Service and reliability have declined after privatisation and deregulation. This reduction in service provision tends to affect ordinary householders far more adversely than large industrial enterprises, which often have back up power sources and benefit from cut-rate prices.
The supposed efficiency gains to be made by private, competitive companies, have too often been made through short term cost savings. These include cuts to safety, use of shoddy materials, deferred maintenance, smaller training and research budgets and downsizing workforces. Old equipment is not regularly serviced nor replaced in advance of likely failure, pipes leak, and treatment plants become less effective. As a result there are more accidents and equipment breakdowns.
For electricity networks this means an increase in equipment-related blackouts as well as blackouts related to network congestion because planning and responsibility for network maintenance and development is not a market priority.
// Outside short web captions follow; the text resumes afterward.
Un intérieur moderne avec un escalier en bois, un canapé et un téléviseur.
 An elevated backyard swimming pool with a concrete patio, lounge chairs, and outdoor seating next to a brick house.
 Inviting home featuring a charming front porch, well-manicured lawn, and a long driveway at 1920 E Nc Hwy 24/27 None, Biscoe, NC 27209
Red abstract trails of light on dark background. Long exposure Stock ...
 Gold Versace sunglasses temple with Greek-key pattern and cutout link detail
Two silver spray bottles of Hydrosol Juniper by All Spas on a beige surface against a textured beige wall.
For water and sewerage it means interruptions to water supply, leaking pipes, sewer overflows and water contamination.
In the public service it was not uncommon for employees to have a strong public service ethos, particularly in the utilities where they "traditionally took pride in their safety record, in the quality and impartiality of advice offered to consumers, and in a number of socially responsible activities such as free servicing of old age pensioners' appliances." This was lost as employees were forced to take a more commercial view of their work.
In the case of services such as water and electricity the conflict between commercial motives and environmental protection are also apparent as increased usage earns higher profits for private corporations but harms the environment.